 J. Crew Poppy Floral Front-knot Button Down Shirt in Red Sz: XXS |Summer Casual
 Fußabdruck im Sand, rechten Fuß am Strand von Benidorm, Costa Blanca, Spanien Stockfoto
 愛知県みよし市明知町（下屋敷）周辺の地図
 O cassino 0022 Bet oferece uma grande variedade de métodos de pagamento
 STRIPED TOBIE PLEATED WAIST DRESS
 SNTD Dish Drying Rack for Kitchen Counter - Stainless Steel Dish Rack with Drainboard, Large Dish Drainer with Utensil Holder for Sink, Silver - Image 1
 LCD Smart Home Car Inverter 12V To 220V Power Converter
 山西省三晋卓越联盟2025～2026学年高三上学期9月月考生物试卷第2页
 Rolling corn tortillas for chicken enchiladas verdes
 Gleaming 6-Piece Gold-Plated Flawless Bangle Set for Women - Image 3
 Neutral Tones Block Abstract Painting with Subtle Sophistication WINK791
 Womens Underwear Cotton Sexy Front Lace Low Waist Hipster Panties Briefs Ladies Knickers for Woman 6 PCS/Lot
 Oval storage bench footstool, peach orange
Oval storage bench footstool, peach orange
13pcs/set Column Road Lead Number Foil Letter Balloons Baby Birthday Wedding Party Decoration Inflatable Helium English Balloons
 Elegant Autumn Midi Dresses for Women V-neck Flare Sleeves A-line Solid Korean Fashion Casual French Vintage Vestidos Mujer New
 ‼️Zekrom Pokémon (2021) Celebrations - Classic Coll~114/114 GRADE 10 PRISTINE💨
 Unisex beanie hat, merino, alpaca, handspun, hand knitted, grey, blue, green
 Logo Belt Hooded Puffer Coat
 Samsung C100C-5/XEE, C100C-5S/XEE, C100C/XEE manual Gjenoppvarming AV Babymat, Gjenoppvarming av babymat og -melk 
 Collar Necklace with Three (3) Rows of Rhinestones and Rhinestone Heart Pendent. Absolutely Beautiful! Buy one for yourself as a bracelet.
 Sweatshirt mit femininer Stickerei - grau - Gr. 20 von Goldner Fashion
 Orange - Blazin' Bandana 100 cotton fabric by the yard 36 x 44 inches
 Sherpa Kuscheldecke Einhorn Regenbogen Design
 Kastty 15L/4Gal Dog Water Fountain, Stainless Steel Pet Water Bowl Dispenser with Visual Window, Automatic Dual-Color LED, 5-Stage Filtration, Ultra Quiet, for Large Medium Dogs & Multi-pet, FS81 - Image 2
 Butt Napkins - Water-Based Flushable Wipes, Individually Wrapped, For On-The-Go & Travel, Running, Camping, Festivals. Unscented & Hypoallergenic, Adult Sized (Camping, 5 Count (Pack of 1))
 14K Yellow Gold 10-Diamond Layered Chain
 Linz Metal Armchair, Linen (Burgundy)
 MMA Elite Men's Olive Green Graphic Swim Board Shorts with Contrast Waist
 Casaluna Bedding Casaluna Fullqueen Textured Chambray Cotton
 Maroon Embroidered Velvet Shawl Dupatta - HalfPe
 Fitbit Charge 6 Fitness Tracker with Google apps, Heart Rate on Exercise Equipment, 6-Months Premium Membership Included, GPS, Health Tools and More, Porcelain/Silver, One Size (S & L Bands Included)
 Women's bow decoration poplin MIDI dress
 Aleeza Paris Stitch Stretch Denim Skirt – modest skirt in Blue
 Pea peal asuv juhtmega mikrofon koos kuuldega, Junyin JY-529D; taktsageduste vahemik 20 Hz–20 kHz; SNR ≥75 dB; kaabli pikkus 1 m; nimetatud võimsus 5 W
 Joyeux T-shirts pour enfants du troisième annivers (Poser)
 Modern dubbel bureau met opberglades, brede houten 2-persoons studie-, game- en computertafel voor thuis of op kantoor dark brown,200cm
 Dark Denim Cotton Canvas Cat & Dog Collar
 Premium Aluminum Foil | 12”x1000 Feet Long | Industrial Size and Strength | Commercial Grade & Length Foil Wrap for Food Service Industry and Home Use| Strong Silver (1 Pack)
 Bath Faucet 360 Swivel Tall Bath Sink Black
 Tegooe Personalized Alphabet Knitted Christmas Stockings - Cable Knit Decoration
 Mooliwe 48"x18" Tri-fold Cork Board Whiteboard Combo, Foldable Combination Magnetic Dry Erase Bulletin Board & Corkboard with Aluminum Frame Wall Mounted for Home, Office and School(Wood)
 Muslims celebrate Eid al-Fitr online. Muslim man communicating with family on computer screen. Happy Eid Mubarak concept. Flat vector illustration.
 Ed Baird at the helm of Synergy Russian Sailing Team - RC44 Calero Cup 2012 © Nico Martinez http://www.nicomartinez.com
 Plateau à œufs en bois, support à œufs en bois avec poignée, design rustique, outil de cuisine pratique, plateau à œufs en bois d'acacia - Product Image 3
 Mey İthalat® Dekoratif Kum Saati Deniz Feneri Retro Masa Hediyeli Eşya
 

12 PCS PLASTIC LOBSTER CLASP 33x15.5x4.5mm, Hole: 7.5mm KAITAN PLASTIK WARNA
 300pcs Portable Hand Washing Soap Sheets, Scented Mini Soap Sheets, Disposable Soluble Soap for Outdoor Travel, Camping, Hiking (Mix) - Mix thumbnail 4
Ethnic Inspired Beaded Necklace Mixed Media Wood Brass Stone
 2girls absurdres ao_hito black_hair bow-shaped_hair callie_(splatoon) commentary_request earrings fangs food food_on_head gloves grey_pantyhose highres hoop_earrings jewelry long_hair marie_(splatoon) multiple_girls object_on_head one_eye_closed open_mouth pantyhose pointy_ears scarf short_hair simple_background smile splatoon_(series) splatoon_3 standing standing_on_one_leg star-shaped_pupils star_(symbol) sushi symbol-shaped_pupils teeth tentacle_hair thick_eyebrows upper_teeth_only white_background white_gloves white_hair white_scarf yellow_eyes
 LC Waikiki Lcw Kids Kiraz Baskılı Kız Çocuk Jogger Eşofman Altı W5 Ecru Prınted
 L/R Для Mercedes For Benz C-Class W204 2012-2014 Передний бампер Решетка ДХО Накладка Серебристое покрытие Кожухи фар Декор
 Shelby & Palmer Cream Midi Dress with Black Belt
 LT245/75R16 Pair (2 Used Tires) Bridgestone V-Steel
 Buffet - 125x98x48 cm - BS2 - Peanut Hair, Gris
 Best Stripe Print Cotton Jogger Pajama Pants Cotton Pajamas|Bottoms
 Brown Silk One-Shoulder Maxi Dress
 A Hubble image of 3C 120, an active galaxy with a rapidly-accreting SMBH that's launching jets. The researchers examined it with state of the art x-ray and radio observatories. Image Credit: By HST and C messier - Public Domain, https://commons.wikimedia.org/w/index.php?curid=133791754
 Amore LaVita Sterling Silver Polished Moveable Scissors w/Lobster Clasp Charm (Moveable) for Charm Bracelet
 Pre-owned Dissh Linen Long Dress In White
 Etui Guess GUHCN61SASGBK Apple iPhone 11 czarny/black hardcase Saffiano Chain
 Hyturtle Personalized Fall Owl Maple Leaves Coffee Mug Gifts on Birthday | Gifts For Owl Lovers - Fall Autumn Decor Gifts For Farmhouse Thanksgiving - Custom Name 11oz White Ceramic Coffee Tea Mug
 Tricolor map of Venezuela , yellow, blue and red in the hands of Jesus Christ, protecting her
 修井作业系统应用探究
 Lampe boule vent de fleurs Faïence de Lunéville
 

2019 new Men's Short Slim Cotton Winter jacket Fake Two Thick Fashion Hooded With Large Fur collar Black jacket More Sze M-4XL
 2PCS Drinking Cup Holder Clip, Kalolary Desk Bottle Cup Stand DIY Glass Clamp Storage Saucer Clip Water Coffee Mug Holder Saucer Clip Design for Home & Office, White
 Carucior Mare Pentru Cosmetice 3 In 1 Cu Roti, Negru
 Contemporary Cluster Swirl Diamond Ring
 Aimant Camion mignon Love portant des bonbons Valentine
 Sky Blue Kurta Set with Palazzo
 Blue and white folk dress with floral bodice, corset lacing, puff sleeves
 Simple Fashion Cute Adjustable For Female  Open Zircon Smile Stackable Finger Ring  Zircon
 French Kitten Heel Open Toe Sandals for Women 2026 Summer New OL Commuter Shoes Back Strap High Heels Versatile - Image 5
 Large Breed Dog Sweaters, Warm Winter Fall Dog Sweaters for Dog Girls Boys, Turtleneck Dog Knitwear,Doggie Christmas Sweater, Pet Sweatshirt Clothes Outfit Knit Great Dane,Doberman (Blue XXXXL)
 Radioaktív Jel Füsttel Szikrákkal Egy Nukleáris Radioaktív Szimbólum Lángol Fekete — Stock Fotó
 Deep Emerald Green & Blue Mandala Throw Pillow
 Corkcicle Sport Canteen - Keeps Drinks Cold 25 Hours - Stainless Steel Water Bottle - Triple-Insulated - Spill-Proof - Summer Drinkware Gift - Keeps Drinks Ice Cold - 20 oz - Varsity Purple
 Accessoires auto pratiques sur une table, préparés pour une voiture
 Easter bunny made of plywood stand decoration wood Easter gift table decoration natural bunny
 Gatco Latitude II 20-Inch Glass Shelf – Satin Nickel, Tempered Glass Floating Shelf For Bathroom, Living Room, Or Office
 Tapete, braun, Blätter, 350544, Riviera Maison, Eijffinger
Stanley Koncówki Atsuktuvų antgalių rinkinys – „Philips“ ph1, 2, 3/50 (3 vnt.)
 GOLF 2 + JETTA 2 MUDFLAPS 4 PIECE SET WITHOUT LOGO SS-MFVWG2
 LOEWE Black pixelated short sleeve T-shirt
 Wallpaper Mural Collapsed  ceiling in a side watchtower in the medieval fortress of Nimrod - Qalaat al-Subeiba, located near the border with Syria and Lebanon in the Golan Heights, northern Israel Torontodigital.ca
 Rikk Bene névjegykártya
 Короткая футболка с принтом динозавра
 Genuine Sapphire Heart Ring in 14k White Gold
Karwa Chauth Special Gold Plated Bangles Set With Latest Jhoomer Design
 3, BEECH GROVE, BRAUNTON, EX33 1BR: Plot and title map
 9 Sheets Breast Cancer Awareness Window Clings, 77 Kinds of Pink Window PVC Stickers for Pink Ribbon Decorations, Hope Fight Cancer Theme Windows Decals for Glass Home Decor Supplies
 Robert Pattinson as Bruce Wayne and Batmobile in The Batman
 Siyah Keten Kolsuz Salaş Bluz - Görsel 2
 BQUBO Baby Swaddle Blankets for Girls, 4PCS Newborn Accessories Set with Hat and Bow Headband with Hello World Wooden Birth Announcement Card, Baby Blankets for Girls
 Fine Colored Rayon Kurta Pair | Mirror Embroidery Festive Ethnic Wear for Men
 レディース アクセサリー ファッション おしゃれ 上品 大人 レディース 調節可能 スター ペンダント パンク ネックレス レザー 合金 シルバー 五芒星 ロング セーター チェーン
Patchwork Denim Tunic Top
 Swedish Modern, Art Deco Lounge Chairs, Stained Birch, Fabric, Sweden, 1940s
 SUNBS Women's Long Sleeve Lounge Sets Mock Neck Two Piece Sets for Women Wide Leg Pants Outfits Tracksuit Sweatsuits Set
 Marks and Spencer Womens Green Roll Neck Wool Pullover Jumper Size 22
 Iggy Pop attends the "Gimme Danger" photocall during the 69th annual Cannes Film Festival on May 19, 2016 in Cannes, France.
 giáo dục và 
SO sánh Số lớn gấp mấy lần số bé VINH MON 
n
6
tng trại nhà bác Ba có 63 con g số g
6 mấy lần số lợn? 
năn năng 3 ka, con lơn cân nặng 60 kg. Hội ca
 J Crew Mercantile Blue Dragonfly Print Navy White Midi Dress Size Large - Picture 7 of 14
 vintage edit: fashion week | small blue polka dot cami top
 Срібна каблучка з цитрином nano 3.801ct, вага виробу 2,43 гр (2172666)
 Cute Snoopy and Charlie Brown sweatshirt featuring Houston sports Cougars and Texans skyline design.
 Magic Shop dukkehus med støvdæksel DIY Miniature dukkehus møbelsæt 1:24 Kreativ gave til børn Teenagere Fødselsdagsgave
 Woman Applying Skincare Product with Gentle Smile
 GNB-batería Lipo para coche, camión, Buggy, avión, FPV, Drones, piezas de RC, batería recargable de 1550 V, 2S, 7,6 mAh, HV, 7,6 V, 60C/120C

**To do**
Scan the entries for lines holding the string "Kurta", then copy every one of them.

**Response box**
 Sky Blue Kurta Set with Palazzo
 Fine Colored Rayon Kurta Pair | Mirror Embroidery Festive Ethnic Wear for Men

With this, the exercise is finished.